While the use of liners greatly enhances the performance, lifespan and usability of a container, liners present various challenges. One such challenge is the need to ensure that the liner is easy to install and does not interfere with the operation of the container. For example, some containers may include a discharge opening at the bottom for discharging fluids through a valve. Under certain circumstances, the liner could slip within the tank and interfere with the opening. Another challenge is the need to ensure that the liner material is compatible with the fluids held therein.
In the case of valve-regulated discharge piping, conventional liner discharge structures may have a diameter that is significantly smaller than the piping where it is used. This may cause the liner to restrict the flow of material leaving the tank. Materials that are physically capable of being formed with a discharge diameter sized for the piping are often chemically incompatible with materials held within the container. This issue may be especially pronounced when the valve is shaped to have a smaller diameter than other sections of piping.

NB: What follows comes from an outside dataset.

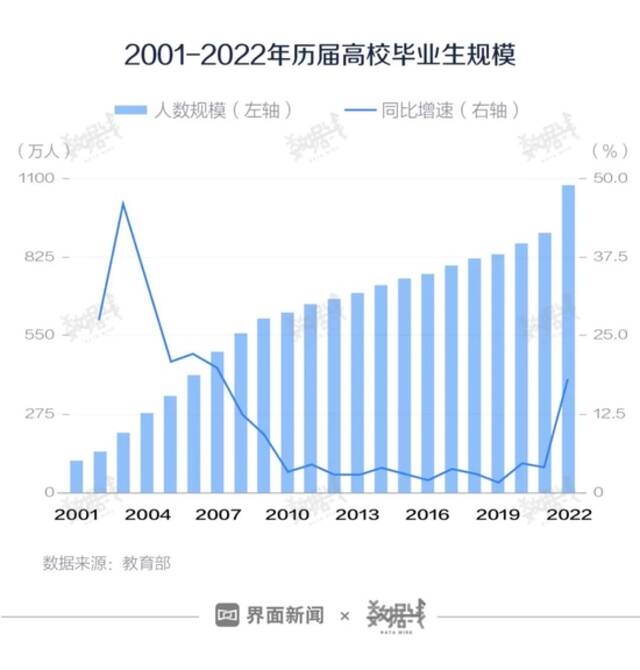 今年应届生很难找到工作？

The illustrative aspects of the present disclosure are designed to solve the problems herein described and/or other problems not discussed.
Embodiments of the disclosure provide a liner structure adapted for insertion within a discharge spout of a container, the liner structure including: a neck formed of a liner material, and enclosing a cross-sectional area substantially equal to a cross-sectional area of the discharge spout; a collar formed of the liner material and coupled circumferentially to an end of the neck, wherein the collar has a cross-sectional area greater than the cross-sectional area of the discharge spout; and a constrictable sidewall on the neck proximate the collar, wherein constricting the constrictable sidewall compresses the collar such that the collar is within the cross-sectional area of the discharge spout.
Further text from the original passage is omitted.